Wednesday, August 6, 2008

ACAS Conference Call Notes: 2Q2008

This is a list of short notes made on the ACAS 2Q2008 conference call. I'll try to offer analysis later, but I wanted to jot down what I noticed on the call since I had so much trouble getting it. It seemed I had to listen to nearly 15 minutes of silence before listening to a long period of elevator music, and I couldn't skip ahead on the WMA player I was using.

  • ACAS' visual aids for the conference call have a number of interesting graphs, including an interesting series on dividend coverage. ACAS management apparently perceives the need to explain why ACAS' dividend is safe, and since 2005 ACAS shows it's covered the dividend with realized income at better than 100% (109% since IPO, and 120% since 2005).
  • Depreciation is being recognized because the deals now available in the market are such a serious steal that the mature portfolio investments aren't as good a deal as what ACAS can buy now for the same money.
  • The liquidity crunch impacting the market generally increases ACAS' cost of capital, and what ACAS has to invest principally comes from capital returning to play after exits rather than funds raised from equity issuance as in prior years.
  • ACAS' 2Q dividend was paid from earnings and long-term capital gains rolled forward from 2007, and ACAS' 3Q dividend is expected to be paid from the at-least-$1.05 in NOI and gains ACAS has forecast for 3Q2008.
  • ACAS was able to exit investments in 2Q2008 at the same valuation multiple ACAS used to value the companies in June of 2007, a time some valuations were thought the most outlandish.
  • Page 19 of the chart shows $639 million in difference between investments' GAAP "fair value" reportable under FAS 157, and the realizable value ACAS' management believes reflects the real exit value. Curiously, not all the differences show realizable value better than GAAP values: interest rate derivatives are actually more favorable under GAAP.
  • When ACAS tries to finance buyers' acquisitions of ACAS portfolio companies (to make exit likelier), ACAS is outbid half the time.

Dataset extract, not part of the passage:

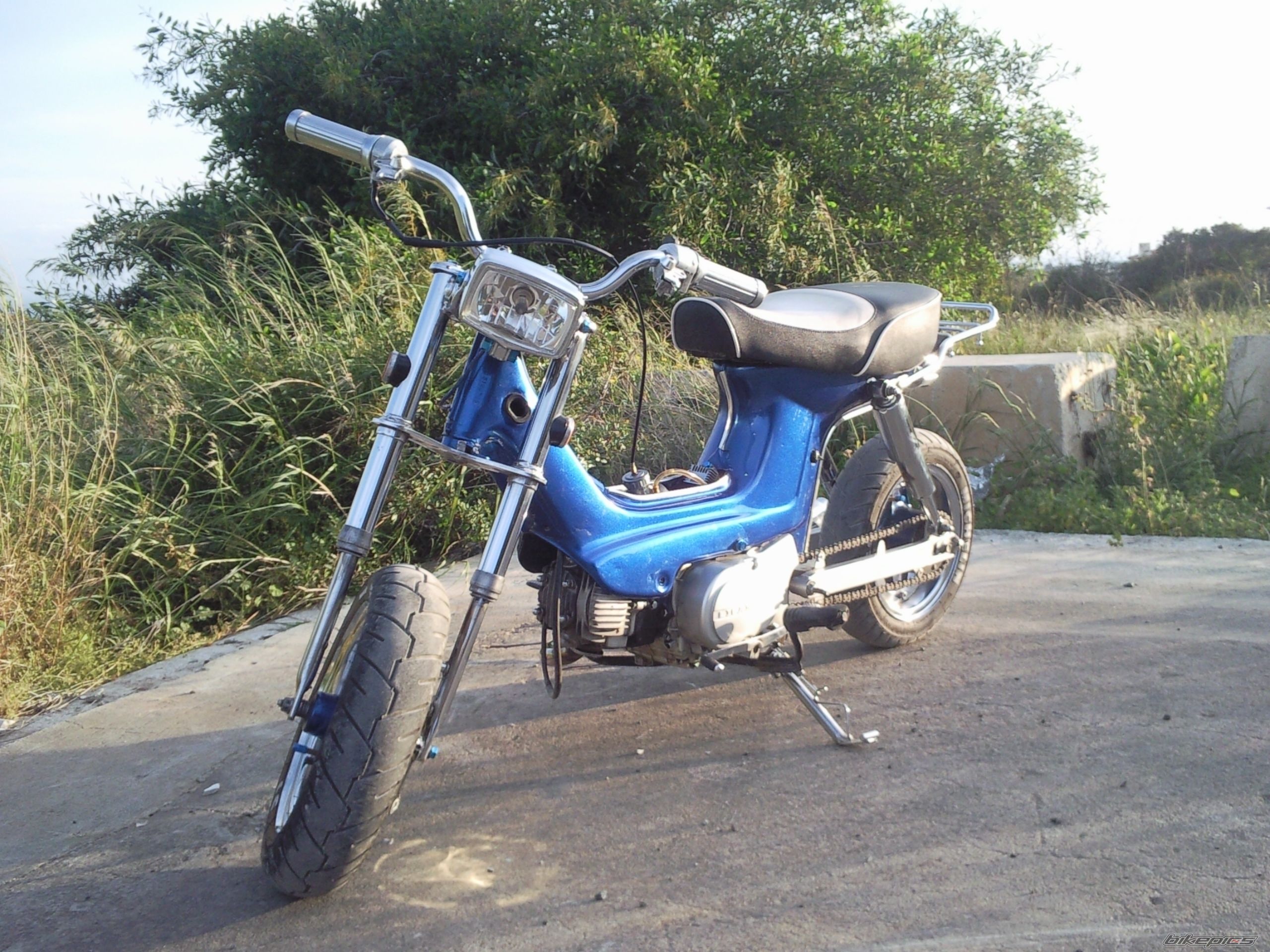 Photo 1659523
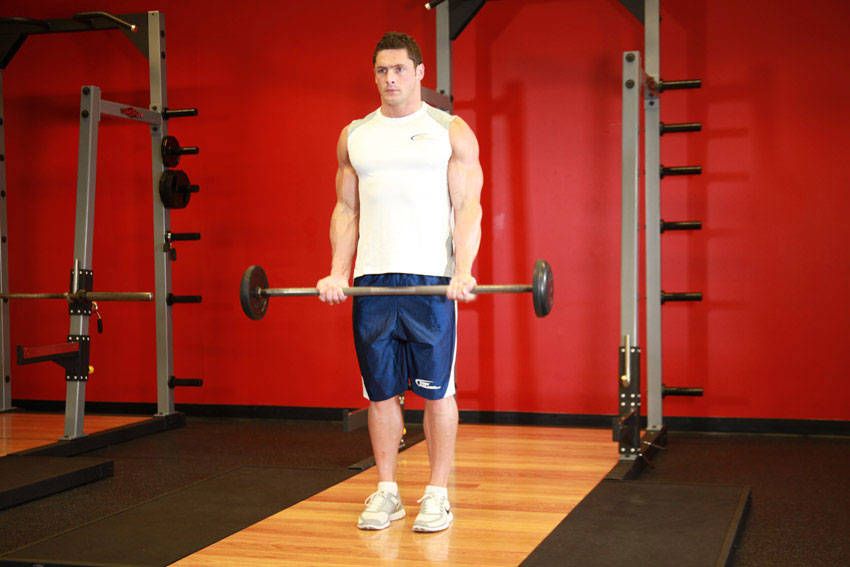 Barbell Curl exercise demonstration, targeting the biceps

This, according to management, is because ACAS demands a steep return on its staple financing. ACAS is thus apparently not arm-twisted into providing staple financing to make deals happen, and isn't being "stuck" with bad terms on staple-financing debt.
  • AGNC, a publicly-traded managed fund launched in 2Q2008, turned in a 27% ROE in its first quarter
  • ACAS historically trades about 1.4x book value, and recently traded in the range of 0.8x or 0.9x. Management views this as historically low and pitches it as an attractive entry opportunity.
  • Despite the recession, ACAS is operating in a steady state, rather than contracting, and is continuing to realize taxable gains.
  • In response to a question about slide 19, ACAS clarified what it means by "realizable value." Realizable value doesn't represent what ACAS expects to get on exit, but what ACAS would actually get if forced immediately to sell, so actual realized values should be expected to be better than ACAS' currently-reported realizable values.
  • Although ACAS has the power to game timing of loss-generating exits, management urges that observers should look to ACAS' history to see that ACAS does in fact make exits that will cause realized losses. (I note that if the dogs were never sold, then remaining portfolio companies would tend over time to make ACAS' portfolio look like a kennel specializing in scruvy, flea-bitten curs.)
  • ACAS de-levered on purpose last year, toward 0.7:1, to keep away from the 1:1 leverage mark. ACAS doesn't see a need to shore up the balance sheet because it's prepared, and ACAS could always direct future liquidity toward leverage management if it seemed prudent. ACAS de-leverage will likely lead to ACAS renegotiating lower lines of credit with banks, in order to reduce fees paid to maintain unused lines of credit.
  • Slide 31 shows that ACAS owns about 60% of the funds it manages. Since AGNC is investing billions after raising merely hundreds of millions, it's clear that the "value" being managed involves value net of debt. AGNC's returns appear to be the result of taking modest yield spreads and levering them more than eight times.
  • Slide 34: ACAS didn't buy any ACAS shares in Q2 under its buyback authorization. Zero. The written explanation was that ACAS didn't have a trading window under its buyback authorization while shares traded below NAV. The obvious question here is, what factors closed the window most of the quarter? In the Q&A session, light emerged: ACAS' compliance officer establishes the window, based on whatever factors impact his compliance concerns. When the window was open, shares weren't below NAV. Moreover, management took pains to point out, the Board expects ACAS to use the buyback authorization only when accretive relative to other alternatives. A deal with interesting leverage opportunities might be much better than share buyback, particularly given the state of the deals available in the current market and the impact on ACAS' balance sheet. Mere trading below NAV will not trigger buybacks.
  • The writedowns earlier this year don't result in tax losses, because they are not realized; since dividends turn on taxable income and not GAAP book value changes, the "losses" don't impact dividend payment requirements caused by ACAS' tax status. Folks looking at Yahoo's summary statistics and noting a "loss" may want to be sure they learn what ACAS' taxable income was, rather than the size of unrealized FAS-157 write-downs, which seem to have taken top billing.
  • Managed funds are in the works (to generate fee income growth)
  • ACAS thinks it's in a much better position than last time around to weather recession.
Disappointments: the 2Q2008 projected realized earnings of $1.10 turned out to be $0.95, and the plea that observers should mentally add back in $0.12 in realizations from exits that occurred already in Q3, but had been expected in Q2, would be easier to swallow (a) if that didn't still leave management short for the quarter and (b) but you know ACAS will count the $0.12 next quarter as evidence it's covered the dividend for Q3.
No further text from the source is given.